In a separate interview with ABC News, Obama called the kidnappings heartbreaking and outrageous.
Nigerian police offered a $300,000 reward on Wednesday to anyone who could give information leading to the rescue of the abducted girls.
Boko Haram leader Abubakar Shekau threatened in a video released to the media on Monday to sell the girls abducted from a secondary school on April 14 "on the market".
Tuesday's kidnappings took place in two nearby villages in Borno state, close to a Boko Haram stronghold.
US offer accepted
Police and residents said eight girls aged 12 to 15 were kidnapped overnight from the village of Warabe. A local government official told AFP that the gunmen then stormed the nearby village of Wala and abducted three more girls.
Nigerian President Goodluck Jonathan welcomed the US offer to send a team to support the government's efforts to find the girls, the Obama administration said on Tuesday.
Obama told ABC the kidnappings "may be the event that helps to mobilize the entire international community to finally do something against this horrendous organization that's perpetrated such a terrible crime".
White House spokesman Jay Carney told reporters the US was sending an "interdisciplinary team" including military personnel to help in the search.
The kidnappings by the Islamists, who say they are fighting for an Islamic state in Nigeria, have shocked a country long inured to the violence.
They have also embarrassed the government before a three-day World Economic Forum meeting on Africa in Abuja that began on Wednesday.
Nigerian officials had hoped the event would highlight their country's potential as Africa's hottest investment destination since it became the continent's biggest economy after a GDP recalculation in March.
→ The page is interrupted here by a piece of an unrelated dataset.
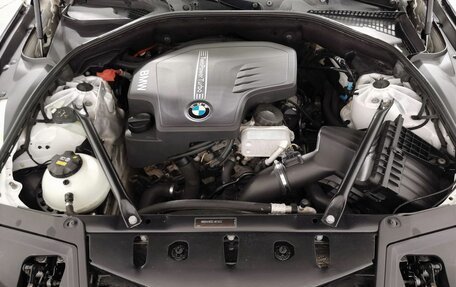 BMW 5 серия, 2015 год, 1 585 000 рублей, 10 фотография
The forum has instead been overshadowed by the crisis over the girls, whose whereabouts remain a mystery.
That has thrown the government's failings on national security into the spotlight just when it sought to parade its achievements such as economic stability to top global business people and politicians.
Boko Haram, the main security threat to Africa's leading energy producer, is growing bolder and appears better armed than ever.
In a separate attack early on Monday, suspected Boko Haram gunmen shot or hacked to death at least 13 people in a raid on a market town in the northeast, a survivor said.
April's mass kidnapping occurred on the day a bomb blast, also claimed by Boko Haram, killed 75 people on the edge of Abuja, the first attack on the capital in two years. Another bomb in roughly the same place killed 19 people last week.